%%

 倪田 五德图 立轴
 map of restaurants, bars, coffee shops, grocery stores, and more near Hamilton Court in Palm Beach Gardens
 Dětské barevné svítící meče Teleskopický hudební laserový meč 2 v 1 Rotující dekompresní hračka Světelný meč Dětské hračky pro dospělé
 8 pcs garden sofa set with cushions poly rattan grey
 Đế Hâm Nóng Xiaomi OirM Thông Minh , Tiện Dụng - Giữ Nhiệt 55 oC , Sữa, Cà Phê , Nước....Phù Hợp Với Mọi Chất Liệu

%%
%%

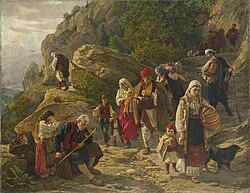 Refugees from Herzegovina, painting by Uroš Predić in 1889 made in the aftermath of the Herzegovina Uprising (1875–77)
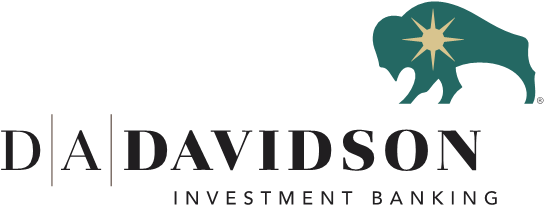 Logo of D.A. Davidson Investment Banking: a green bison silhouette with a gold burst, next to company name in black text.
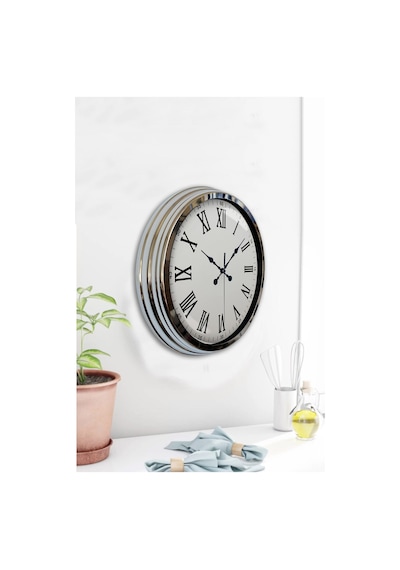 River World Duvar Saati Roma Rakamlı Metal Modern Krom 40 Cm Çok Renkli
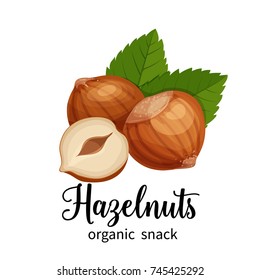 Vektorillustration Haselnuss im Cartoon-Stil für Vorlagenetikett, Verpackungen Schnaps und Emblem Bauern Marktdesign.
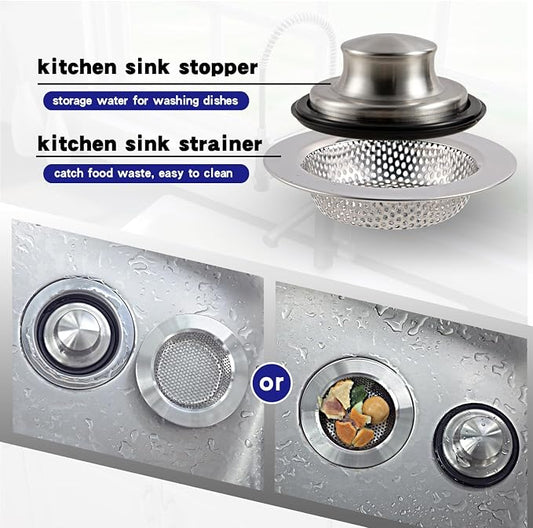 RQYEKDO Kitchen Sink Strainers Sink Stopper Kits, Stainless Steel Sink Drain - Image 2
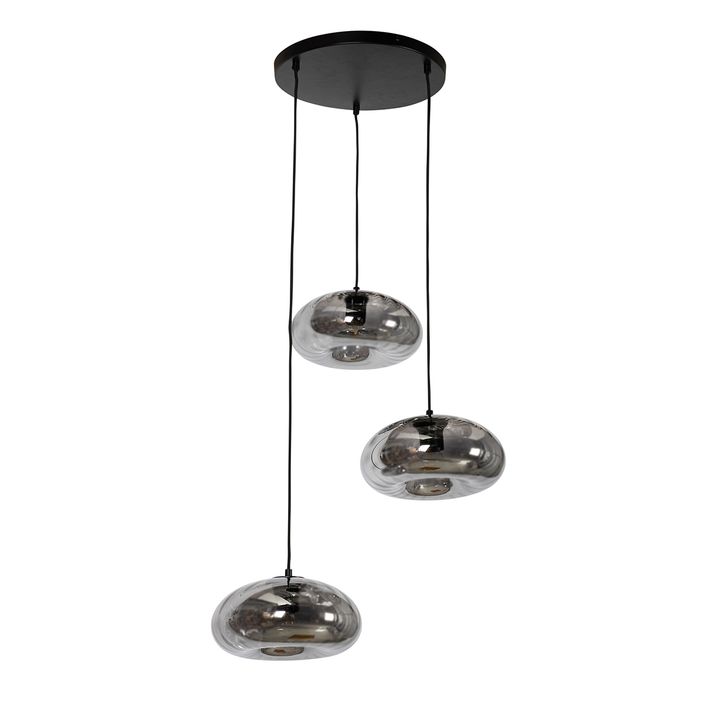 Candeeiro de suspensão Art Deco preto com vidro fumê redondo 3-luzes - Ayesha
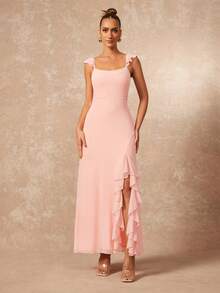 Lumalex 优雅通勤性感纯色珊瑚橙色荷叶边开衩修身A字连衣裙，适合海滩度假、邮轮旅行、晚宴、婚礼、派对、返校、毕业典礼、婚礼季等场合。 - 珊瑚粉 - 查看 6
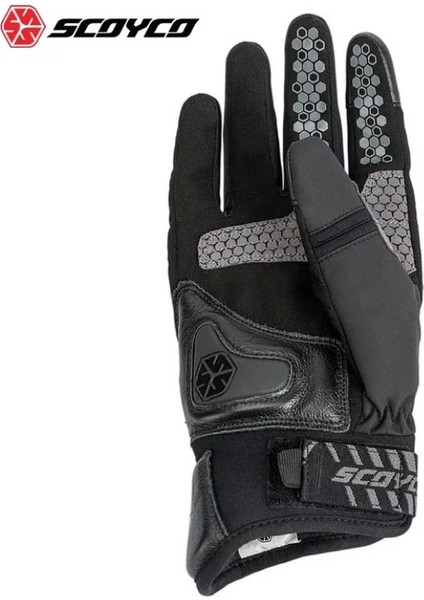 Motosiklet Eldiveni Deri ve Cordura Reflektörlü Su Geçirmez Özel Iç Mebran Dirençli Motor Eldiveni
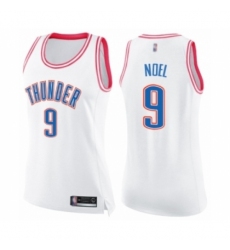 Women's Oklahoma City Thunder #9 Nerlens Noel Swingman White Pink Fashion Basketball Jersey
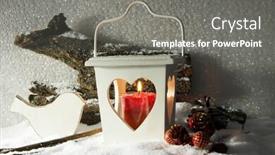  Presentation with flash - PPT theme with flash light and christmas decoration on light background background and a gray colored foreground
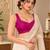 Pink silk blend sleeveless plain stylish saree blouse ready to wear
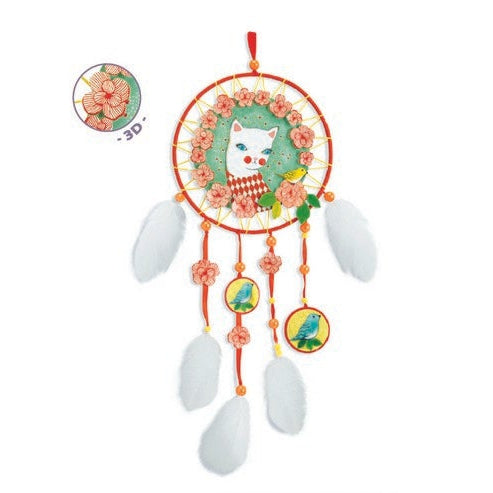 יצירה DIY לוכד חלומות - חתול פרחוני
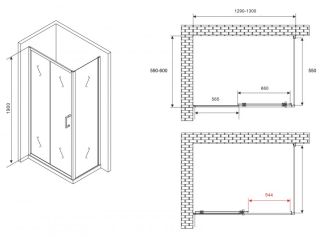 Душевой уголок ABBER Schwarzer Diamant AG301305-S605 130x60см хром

%%

Start with the line above containing "Motosiklet Eldiveni Deri" and end with the line containing "Душевой уголок ABBER". Set down that stretch exactly, without any pictures.

*ANSWER SPACE*
 Motosiklet Eldiveni Deri ve Cordura Reflektörlü Su Geçirmez Özel Iç Mebran Dirençli Motor Eldiveni
 Women's Oklahoma City Thunder #9 Nerlens Noel Swingman White Pink Fashion Basketball Jersey
  Presentation with flash - PPT theme with flash light and christmas decoration on light background background and a gray colored foreground
 Pink silk blend sleeveless plain stylish saree blouse ready to wear
 יצירה DIY לוכד חלומות - חתול פרחוני
 Душевой уголок ABBER Schwarzer Diamant AG301305-S605 130x60см хром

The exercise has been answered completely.